=== EXERCISE DATA ===
- - - -
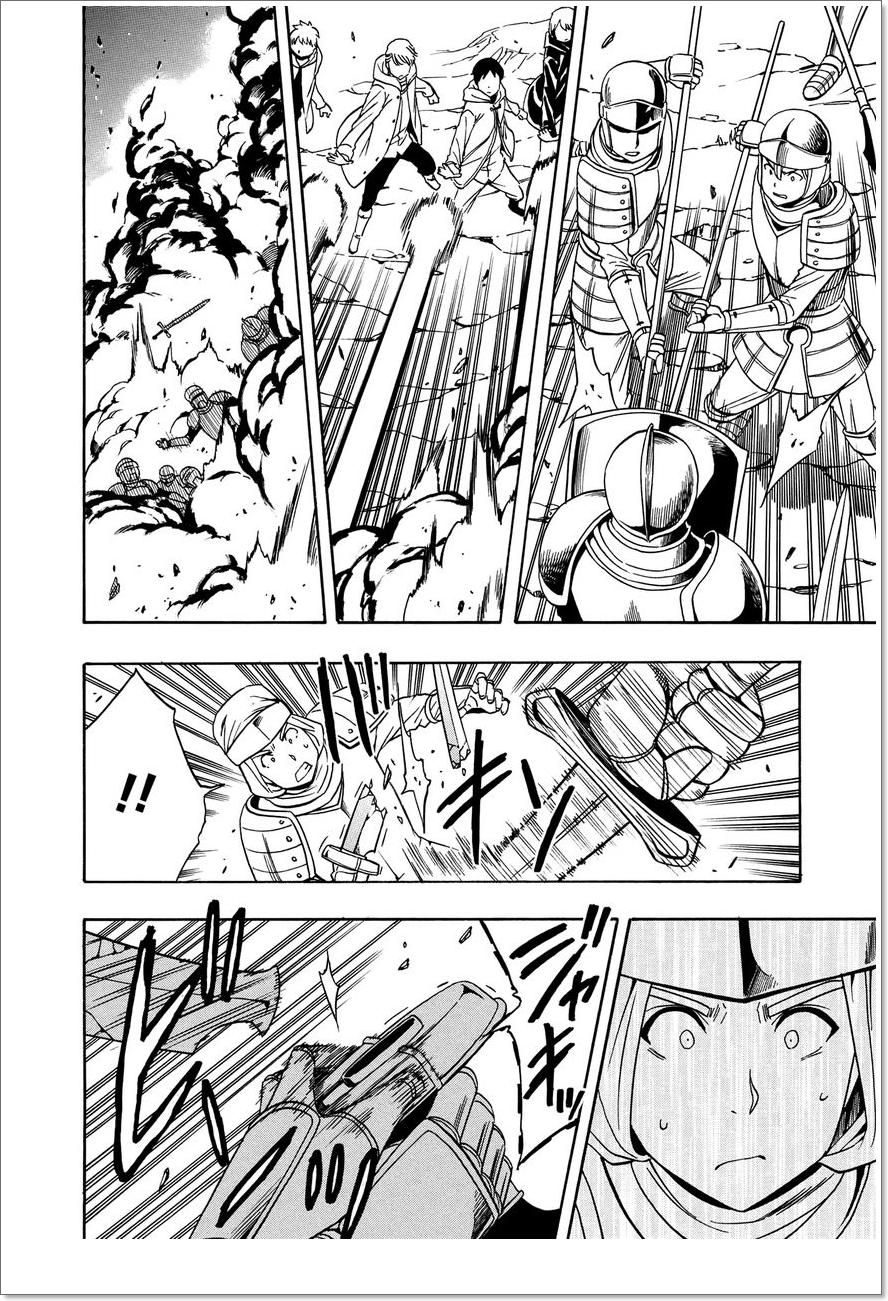 Cháu Trai Của Hiền Nhân Chap 111 - Next Chap 112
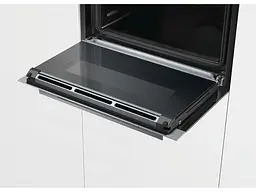Духова шафа Siemens CS656GBS2 - мініатюра 6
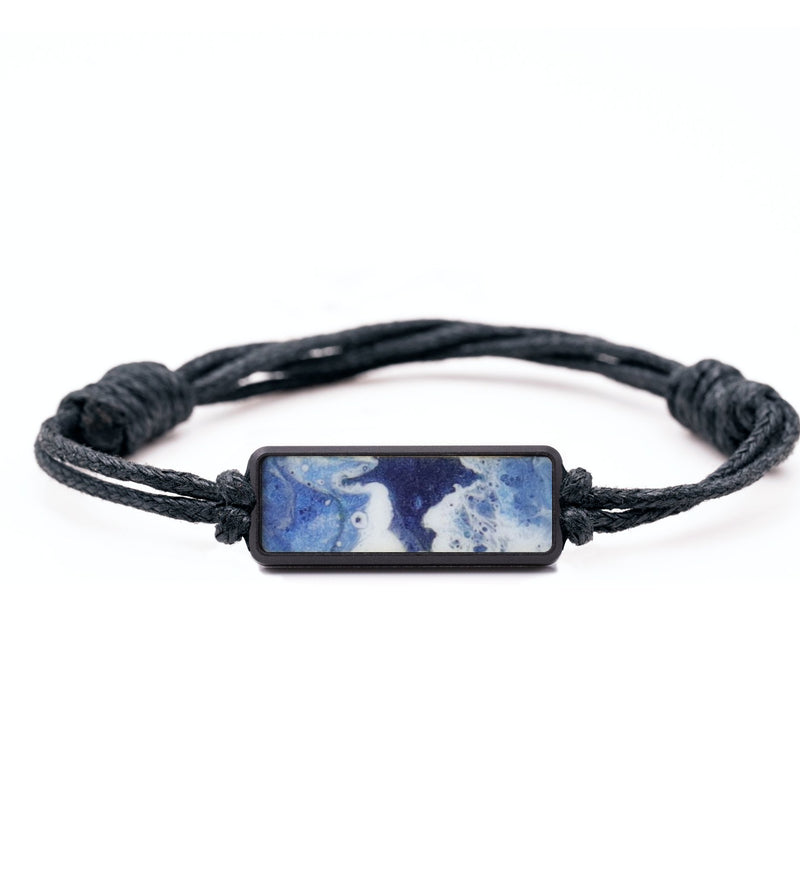 Classic ResinArt Bracelet - Dominique (Coastal, 796293)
- - - -
=== TO DO ===
The lines to repeat run from the line containing "Духова шафа Siemens CS656GBS2 - мініатюра 6" through the end of the listing above, both included; give them exactly and without pictures.

=== TASK SOLUTION ===
Духова шафа Siemens CS656GBS2 - мініатюра 6
 Classic ResinArt Bracelet - Dominique (Coastal, 796293)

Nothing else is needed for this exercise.